## EXERCISE PROMPT
From the data below, please reproduce exactly everything from the line that contains "2965 N Thompson Lane Murfreesboro TN 37129" down to the line that contains "Image 2 : lot", with both ends included.

------ SUPPLIED DATA ------

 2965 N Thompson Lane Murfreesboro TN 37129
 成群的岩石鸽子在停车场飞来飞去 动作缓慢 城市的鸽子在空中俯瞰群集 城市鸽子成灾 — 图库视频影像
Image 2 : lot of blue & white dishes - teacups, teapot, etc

------
------ SUPPLIED DATA ------

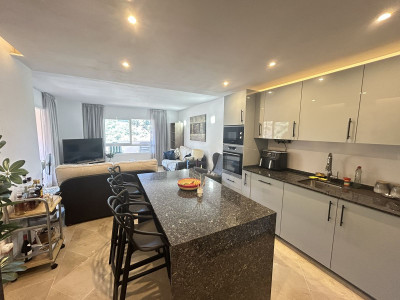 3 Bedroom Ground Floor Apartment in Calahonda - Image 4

------

## COMPLETED TASK
 2965 N Thompson Lane Murfreesboro TN 37129
 成群的岩石鸽子在停车场飞来飞去 动作缓慢 城市的鸽子在空中俯瞰群集 城市鸽子成灾 — 图库视频影像
Image 2 : lot of blue & white dishes - teacups, teapot, etc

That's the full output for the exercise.